### THE INPUT
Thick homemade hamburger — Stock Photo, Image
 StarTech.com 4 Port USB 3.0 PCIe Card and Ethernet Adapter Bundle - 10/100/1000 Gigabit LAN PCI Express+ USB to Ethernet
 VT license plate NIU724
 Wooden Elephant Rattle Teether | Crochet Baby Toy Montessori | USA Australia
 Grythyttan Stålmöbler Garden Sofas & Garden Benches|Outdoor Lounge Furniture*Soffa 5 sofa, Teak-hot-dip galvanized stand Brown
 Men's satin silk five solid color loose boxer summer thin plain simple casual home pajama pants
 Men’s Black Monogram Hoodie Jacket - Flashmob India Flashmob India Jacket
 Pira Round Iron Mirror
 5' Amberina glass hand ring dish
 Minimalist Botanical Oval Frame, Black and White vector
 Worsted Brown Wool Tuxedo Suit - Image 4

### ASSIGNED TASK
Everything above from the line containing "VT license plate NIU724" through the line containing "Grythyttan Stålmöbler Garden" must be copied exactly. Nothing outside that range belongs in the answer.

### SOLUTION FOR THIS PROBLEM
 VT license plate NIU724
 Wooden Elephant Rattle Teether | Crochet Baby Toy Montessori | USA Australia
 Grythyttan Stålmöbler Garden Sofas & Garden Benches|Outdoor Lounge Furniture*Soffa 5 sofa, Teak-hot-dip galvanized stand Brown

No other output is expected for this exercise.